Spot on, John. My wife is a certified Texas Master Gardener who has turned 7,500 sq ft of dirt and grasshoppers into a little piece of Eden tucked away on the edge of town. Feeders disguised to look like they belong there attract cardinals, jays, mockingbirds, and mourning doves. Hummingbirds are drawn to sugar water bottles (undisguised because hummingbirds insist that the bottles are bright red). And she’s cleverly planted certain indigenous flowers that butterflies can’t resist. Mornings and evenings are best of course, with the shade and the roses scenting the breeze off the lake and the bigger-even-than-Texas sky overhead. Gardens are places where unpleasant thoughts have to ask permission and Anxiety, while not locked out, never seems to feel comfortable so rarely visits. It’s a place where we can see God bigger and more clearly, like a night sky far from city lights. There’s nothing like a garden to put us in our place. Or to put God in his.
Sounds like an amazing garden! I love your final lines. So well said.
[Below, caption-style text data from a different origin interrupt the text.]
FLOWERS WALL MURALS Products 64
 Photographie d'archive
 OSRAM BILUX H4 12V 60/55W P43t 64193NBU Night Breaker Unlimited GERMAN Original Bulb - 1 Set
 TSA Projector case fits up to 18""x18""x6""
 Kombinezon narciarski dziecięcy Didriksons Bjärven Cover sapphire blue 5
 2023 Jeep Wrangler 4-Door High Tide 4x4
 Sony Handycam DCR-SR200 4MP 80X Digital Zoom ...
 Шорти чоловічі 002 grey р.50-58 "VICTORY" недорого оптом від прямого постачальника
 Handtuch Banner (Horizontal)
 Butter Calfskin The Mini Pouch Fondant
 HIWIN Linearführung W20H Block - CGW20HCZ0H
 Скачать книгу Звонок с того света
Just exactly what I needed to hear today! God is constantly showing me to abide in Him and His word, and He will work out the details that are out of my hands. Thanks!
Thought I replied to your comment right after you wrote it, but apparently didn’t – sorry! Really appreciate your feedback and am glad the message gave you a timely boost. Keep listening and abiding, brother!
“Flowers possess the divine capacity to calm our spirits, inspire our souls and uplift our emotions.” This amazing capacity was made all the more vivid and powerful to me when I moved from California to Texas. Experiencing the transition from winter to spring (a phenomenon unknown in Los Angeles) was incredibly moving to me as I watched leaves and flowers emerge from plants that for the preceding three months had appeared utterly dead!
So true! From barren trees to lush green leaves, almost instantly! Didn’t see such spectacular stuff in California (though some other cool stuff is there, like that big ‘ol Pacific Ocean). What a treat it was here in Texas to have snow on Christmas day, but no other snow all winter long! Enough said. Thanks for commenting!